Ayant déjà eu un avant goût de ce qu’AC/DC version Six Feet Under pouvait donner avec ‘TNT‘ sur ‘Graveyard Classics 1‘, c’est sans trop de surprise qu’on accueille cette voix chaleureusement gutturale après la magnifique intro de ‘Hell’s Bells‘. Mais c’est justement ça qui gêne : on ne peut s’empêcher de trouver la musique toujours aussi magnifique tout en sachant que ce n’est pas l’album original qu’on écoute. Il est néanmoins indéniable que la voix de Chris sonne très bien sur le refrain de ce titre d’ouverture, ce qui n’est malheureusement pas le cas tout le temps. Il suffit d’écouter la reprise du légendaire ‘Back In Black‘ pour que l’oeuvre d’art devienne soudain moins qu’une piètre parodie : si Chris Barnes a toujours revendiqué le fait de ne mettre aucun effet dans sa voix, et que la volonté de préserver ce côté roots est tout à son honneur, lorsqu’il essaie de tenir la note et que sa voix défaille telle celle un ado pré-pubaire, on se dit que la comparaison avec Brian Johnson n’a pas lieu de se faire.

Bon, si côté voix, c’est une affaire de goûts et que pour les fans du Six Feet Under ‘classique’ il y a de quoi être aux anges, côté instrumental, même si le groupe prétend n’avoir altéré en aucune manière les compositions d’origine, ils auraient aussi dû ne pas altérer le groove qu’AC/DC avait réussi à insuffler à ces riffs simplissimes mais si accrocheurs et à la batterie si basique mais si entraînante. Et c’est vraiment cette pêche qui manque sur la plupart des titres et pour le coup, l’album porte très bien son nom : à l’écoute de ‘Rock And Roll Ain’t Noise Pollution‘ on se demande vraiment si ce ne sont pas des zombies qui s’activent de toute leur lenteur derrière les instruments tant ce vrai hymne au rock, cette ode à la rébellion a été rendu lourd et ennuyeux. On pourrait dire exactement la même chose de ‘Let Me Put My Love Into You‘ dont le côté parodique du chant sur le refrain ne peut faire que rire et dont les riffs sont vraiment exécutés avec le minimum d’ardeur et de tranchant possible.
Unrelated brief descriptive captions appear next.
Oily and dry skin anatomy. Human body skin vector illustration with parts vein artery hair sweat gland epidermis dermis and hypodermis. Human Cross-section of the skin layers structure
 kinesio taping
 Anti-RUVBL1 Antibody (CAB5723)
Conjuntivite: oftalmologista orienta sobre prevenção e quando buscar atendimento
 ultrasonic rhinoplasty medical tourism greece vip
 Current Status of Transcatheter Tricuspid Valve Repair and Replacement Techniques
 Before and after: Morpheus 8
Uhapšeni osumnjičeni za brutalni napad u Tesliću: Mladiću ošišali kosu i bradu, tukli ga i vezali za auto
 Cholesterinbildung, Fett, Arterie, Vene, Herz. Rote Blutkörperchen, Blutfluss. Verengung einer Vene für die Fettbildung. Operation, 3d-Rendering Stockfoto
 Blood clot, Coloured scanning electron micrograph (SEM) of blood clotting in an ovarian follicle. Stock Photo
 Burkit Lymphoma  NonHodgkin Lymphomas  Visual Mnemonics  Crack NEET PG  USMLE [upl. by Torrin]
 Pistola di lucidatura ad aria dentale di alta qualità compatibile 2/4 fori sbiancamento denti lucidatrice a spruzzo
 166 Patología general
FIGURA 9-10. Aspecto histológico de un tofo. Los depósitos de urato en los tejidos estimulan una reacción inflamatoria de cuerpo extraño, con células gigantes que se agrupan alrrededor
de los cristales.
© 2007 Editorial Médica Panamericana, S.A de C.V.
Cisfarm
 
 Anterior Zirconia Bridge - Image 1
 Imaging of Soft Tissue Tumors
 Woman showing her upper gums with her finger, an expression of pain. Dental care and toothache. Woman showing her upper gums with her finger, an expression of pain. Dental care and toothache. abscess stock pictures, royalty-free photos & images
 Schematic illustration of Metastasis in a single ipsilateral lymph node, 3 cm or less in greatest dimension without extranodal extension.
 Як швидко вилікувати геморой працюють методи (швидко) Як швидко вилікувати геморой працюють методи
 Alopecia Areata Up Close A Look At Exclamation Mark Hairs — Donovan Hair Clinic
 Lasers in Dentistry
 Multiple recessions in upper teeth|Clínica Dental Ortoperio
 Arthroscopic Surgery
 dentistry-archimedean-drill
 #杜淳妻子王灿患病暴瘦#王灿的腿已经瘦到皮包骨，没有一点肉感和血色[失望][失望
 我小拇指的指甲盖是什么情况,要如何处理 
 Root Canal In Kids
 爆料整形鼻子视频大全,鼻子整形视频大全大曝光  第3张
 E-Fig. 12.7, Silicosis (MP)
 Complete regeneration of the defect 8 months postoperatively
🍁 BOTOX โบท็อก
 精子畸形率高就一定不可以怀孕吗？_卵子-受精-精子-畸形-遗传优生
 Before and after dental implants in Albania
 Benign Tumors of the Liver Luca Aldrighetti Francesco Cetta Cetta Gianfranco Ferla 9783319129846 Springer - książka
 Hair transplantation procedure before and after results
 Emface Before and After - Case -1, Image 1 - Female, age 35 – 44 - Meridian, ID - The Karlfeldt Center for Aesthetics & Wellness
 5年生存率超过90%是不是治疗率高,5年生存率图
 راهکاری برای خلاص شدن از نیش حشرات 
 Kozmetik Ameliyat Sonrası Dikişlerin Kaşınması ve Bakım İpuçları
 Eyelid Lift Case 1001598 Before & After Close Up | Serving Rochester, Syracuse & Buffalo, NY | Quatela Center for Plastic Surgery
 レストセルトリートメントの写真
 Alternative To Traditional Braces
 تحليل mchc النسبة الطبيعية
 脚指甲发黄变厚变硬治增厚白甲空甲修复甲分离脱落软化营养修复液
Graveyard Classics 2‘ est donc ce genre d’albums dont on ne sait pas trop quoi penser et dont le jugement dépend plus d’une sorte de morale, d’éthique musicale que de goûts à proprement parler. Avant tout, que les fans d’AC/DC ne se précipitent pas sur cet album car ils risquent la crise cardiaque lorsqu’ils se rendront compte de ce que des death métalleux peuvent faire à un monument du rock comme celui-ci. Pour les fans de Six Feet Under, cet album est évidemment le genre d’albums qui marquent la carrière d’un groupe et qui en font parler et il est, ne serait-ce que dans un esprit de collection, presque indispensable. Après, pour se faire une idée de ce qu’est capable ce combo, on lui préfèrera sans aucune contestation ses prédécesseurs, tel que l’excellent ‘Bringer Of Blood‘, dernier opus en date, ou leur classique ‘Haunted‘, qui peine toujours à trouver son égal. Dommage, donc, car on ne doute pas que l’idée partait d’une bonne intention, même si certains adeptes d’un death décalé et grinçant apprécieront sûrement beaucoup l’effort en se forçant un peu.